KCK Yürütme Konseyi Eş Başkanlığı, AKP hükümeti’nin 7 Haziran seçimlerinde iktidardan düştüğü halde kendisini iktidardan düşüren Kürt halkına yönelik faşist bir saldırı yürüttüğünü belirtti.
‘AKP KÜRT HALKINA KARŞI TOPYEKUN SAVAŞ YÜRÜTÜYOR’
Kürt halkına yönelik estirilen devlet terörüne dikkat çeken KCK açıklamasına şöyle devam etti;
‘Her gün çocuk, kadın, yaşlı demeden insanlarımızı katletmekte, onlarca siyasetçiyi, sendikacıyı, sivil toplum örgütü üyelerini siyasi soykırım operasyonlarıyla tutuklayarak kendini iktidarda tutmaya çalışmaktadır. Bu, AKP hükümetinin Kürt halkına karşı topyekun bir savaş yürüttüğünü ortaya koymaktadır. Şu andaki durumda 1990’lı yıllardan daha planlı, daha sinsi ve daha pervasız yol ve yöntemlere başvurulmaktadır. Sokaklara, mahallelere ve şehirlere tank ve top atışları yapılması bunun açık kanıtıdır.’
‘AKP HEGEMONYASINI SÜRDÜRMEK İÇİN KÜRTLERE SALDIRIYOR’
AKP’nin hegemonik faşist iktidarı önündeki engelleri kaldırmak için bu saldırıları yürüttüğünü belirten KCK, ‘AKP, bu saldırılarla Kürt halkının ve demokrasi güçlerinin iradesini kırmaya çalışmaktadır.
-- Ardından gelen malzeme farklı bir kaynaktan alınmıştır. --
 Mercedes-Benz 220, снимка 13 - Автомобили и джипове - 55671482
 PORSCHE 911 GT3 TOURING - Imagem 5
Tüm faşist iktidarların zihniyeti, politikası ve uygulamaları böyle olmuştur. Demokratik güçlere tahammül etmeme, halkın demokratik iradesini, demokratik örgütlenmelerini ve iradesini demokrasinin gereği tanımama bu tür iktidarların karakteri olmaktadır. Bu açıdan bu iktidarlardan bu uygulamaları bırakmasını beklemek mümkün değildir. Bu tür faşist iktidarlar ancak mücadeleyle geriletilebilirler. Faşist iktidarlar karşılarında mücadele görmediklerinde daha da azgınlaşır ve saldırılarını arttırırlar’ dedi. Türkiye'de demokratikleşmenin gelişmesi ve özgürlüklerin gerçekleşmesi, Türkiye halklarının tümünün geliştireceği mücadeleyle mümkündür. Kürt halkı on yıllardır mücadele yürütmekte ve bu mücadelesini sürdürmektedir. Kuşkusuz Türkiye halklarının son yıllarda bu mücadeleye desteği eskiye oranla artmıştır. Ancak Türkiye'nin demokratikleşmesi ve Türkiye'nin tüm sorunlarının çözülmesi daha fazla mücadele edilmesini gerektirmektedir.
‘HACI BİRLİK’İN CENAZESİNE YAPILAN İŞKENCE HERKES İÇİN ONUR SORUNUDUR’
Şırnak’ta Hacı Birlik’in cenazesine yapılan vahşeti hatırlatan KCK, bu konuda şunları belirtti;
‘Şırnak’ta bir gencin cenazesinin boynuna ip takılarak sürüklenmesi, her gün birkaç Kürt insanının şehirlerde, kasabalarda, mahallelerde, sokaklarda katledilmesi; şehirlerin tank ve toplarla bombalanması, aynı zamanda Türkiye halklarının, aydınlarının, yazarlarının vicdan ve onur sorunudur. Kürdistan'da bu saldırılar sürerken Türkiye halklarının, yazarlarının, aydınlarının, sanatçılarının rahat uyuması mümkün değildir. Bu açıdan Kürdistan'daki saldırılara, ölümlere, yakıp yıkmalara, tutuklamalara sessiz kalmamaları; Kürt halkıyla omuz omuza AKP faşizmine karşı mücadeleyi yükseltmeleri gerekmektedir.’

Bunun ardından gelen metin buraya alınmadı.